** Opening Data provided block **
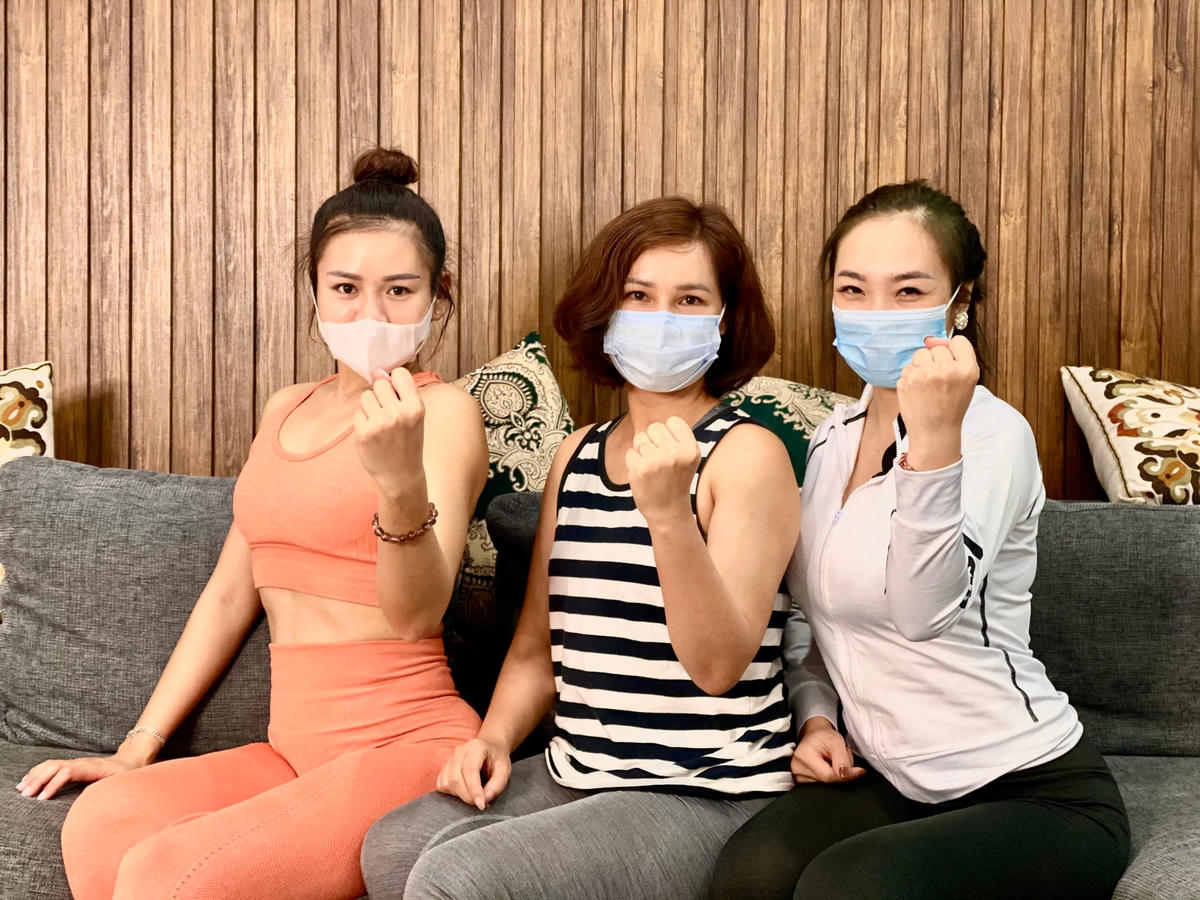 Các thành viên sáng lập nhóm tập luyện online  "Yêu sức khỏe-Yêu cái đẹp". (Từ trái qua phải: chị Lê Thị Trang, Vương Phạm Song Bình, Đỗ Hà Phương). Ảnh: Hoàng Chiến.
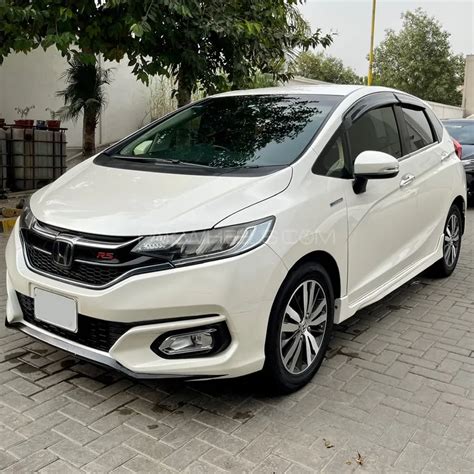 Honda Fit 1.5 Hybrid S Package 2022 for sale in Lahore | PakWheels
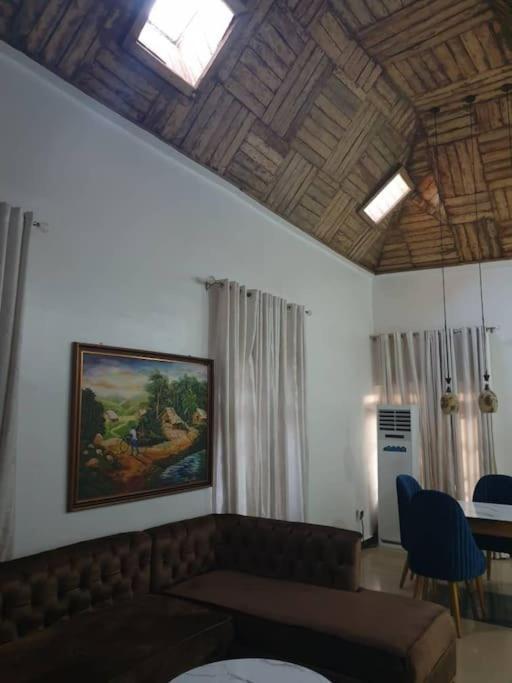 Stylish House With Free Parking And Outdoor Pool Villa Abuja Exteriör bild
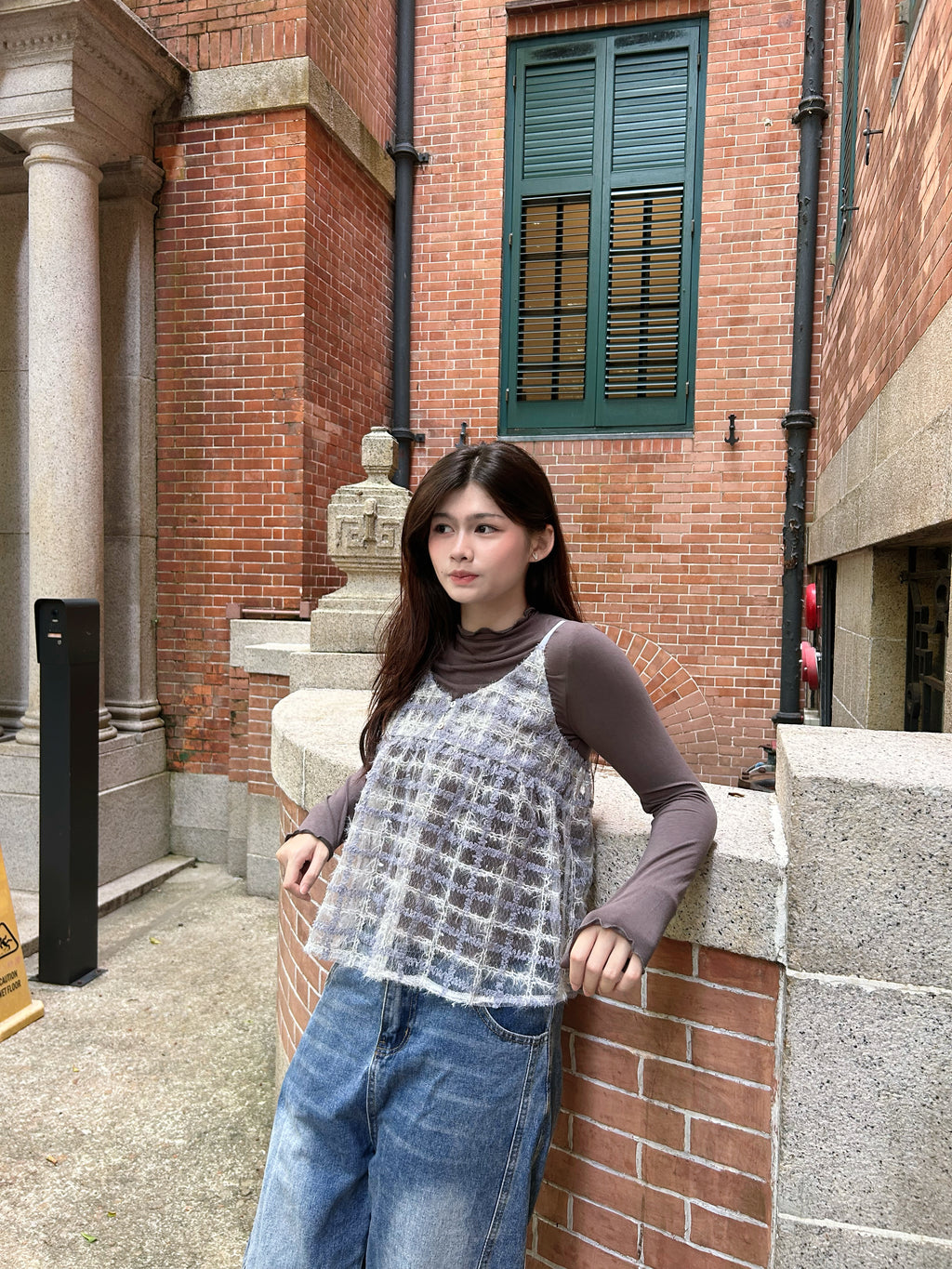 《自家設計》小香風立體格紋吊帶上衣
** Closing Data provided block **
• _Directions for this task_:
Reproduce the listing exactly, minus its pictures.

• _Finished exercise_:
 Các thành viên sáng lập nhóm tập luyện online  "Yêu sức khỏe-Yêu cái đẹp". (Từ trái qua phải: chị Lê Thị Trang, Vương Phạm Song Bình, Đỗ Hà Phương). Ảnh: Hoàng Chiến.
 Honda Fit 1.5 Hybrid S Package 2022 for sale in Lahore | PakWheels
 Stylish House With Free Parking And Outdoor Pool Villa Abuja Exteriör bild
 《自家設計》小香風立體格紋吊帶上衣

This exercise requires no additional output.